Les allées rectilignes du parc ne portent plus de traces visibles de la tempête. L'un des seuls vestiges est l'immense souche couchée du chêne de Marie-Antoinette, le doyen des arbres de Versailles mort en 2003 des suites de la tempête et de la canicule, exposée devant le Petit Trianon comme un "hommage".
La tempête qui a traversé la France le 26 décembre 1999 a détruit 18.500 arbres du domaine de Versailles et 40.000 autres ont été des "victimes collatérales", abattus lors des replantations pour éviter notamment des décalages d'âge entre des arbres voisins. Une quinzaine d'arbres historiques ont résisté, comme un Sophora du Japon trônant majestueusement près du petit Trianon, qui a pu profiter des murs protecteurs du bâtiment contre les vents violents.
Le matin de ce 26 décembre reste gravé dans l'esprit des jardiniers. "Les arbres tombaient silencieusement, c'était fantomatique, une vision cauchemardesque", se souvient Alain Baraton, qui a eu "l'impression que trente ans de (sa) vie étaient réduits à néant, ainsi que le travail de (ses) prédécesseurs". "Nous étions tous tristes de voir des arbres partout, entrelacés les uns avec les autres", se remémore Joël Cottin, autre jardinier-en-chef, qui reste marqué par les messages de soutien reçus de la part du public.
Pour replanter le domaine, en plus du soutien financier de l'Etat et des collectivités locales, une campagne de mécénat baptisée "10.000 arbres pour Versailles" a été organisée. Le prix du parrainage d'un arbre fut fixé à 1.000 francs (environ 150 euros). Jean-Jacques Aillagon, le président du domaine national de Versailles, estime à 250 millions de francs (38.112.254 euros) le coût total des travaux qui ont suivi la tempête.

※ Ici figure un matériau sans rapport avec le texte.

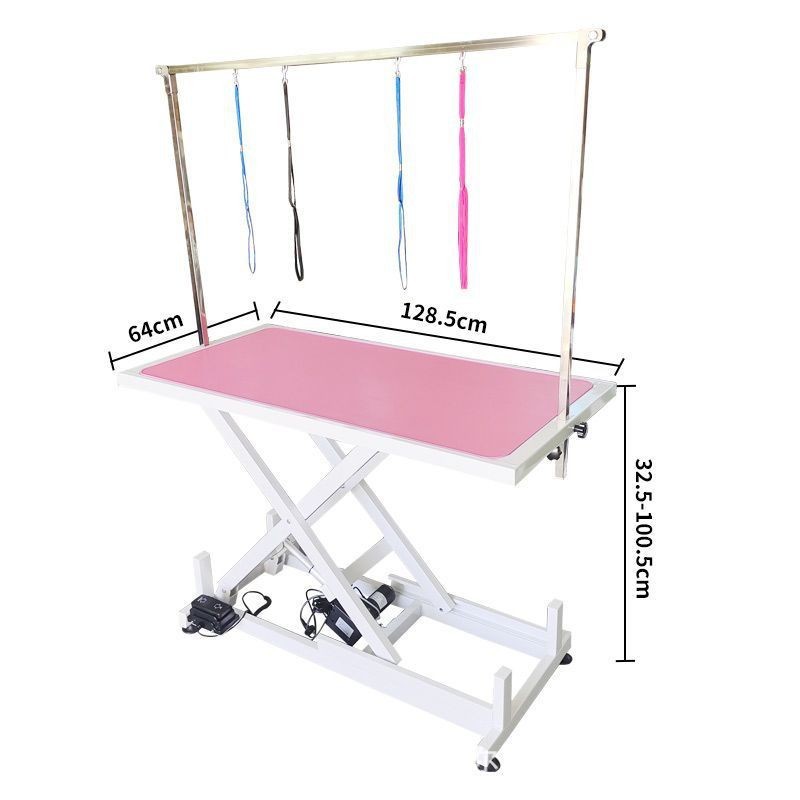 Mesa de belleza cuadrada (rosa)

Les responsables du domaine voient aussi "un aspect salutaire" dans cette tempête, qui a permis d'éliminer des arbres vétustes. "Nous avons aujourd'hui un domaine dans un état sanitaire satisfaisant, qui pourra traverser le XXIe siècle dans de très bonnes conditions", souligne Jean-Jacques Aillagon.
Lors des replantations, les jardiniers se sont ainsi basés sur les plans d'André Le Nôtre, le jardinier de Louis XIV chargé en 1661 de l'aménagement des jardins de Versailles, pour recréer le parc du grand Trianon. Ils ont également reconstitué le jardin anglais du petit Trianon dessiné par le jardinier Antoine Richard et l'architecte Richard Mique. "C'est une chance inouïe de retrouver le parc comme l'avait vu Louis XIV", s'enthousiasme Alain Baraton.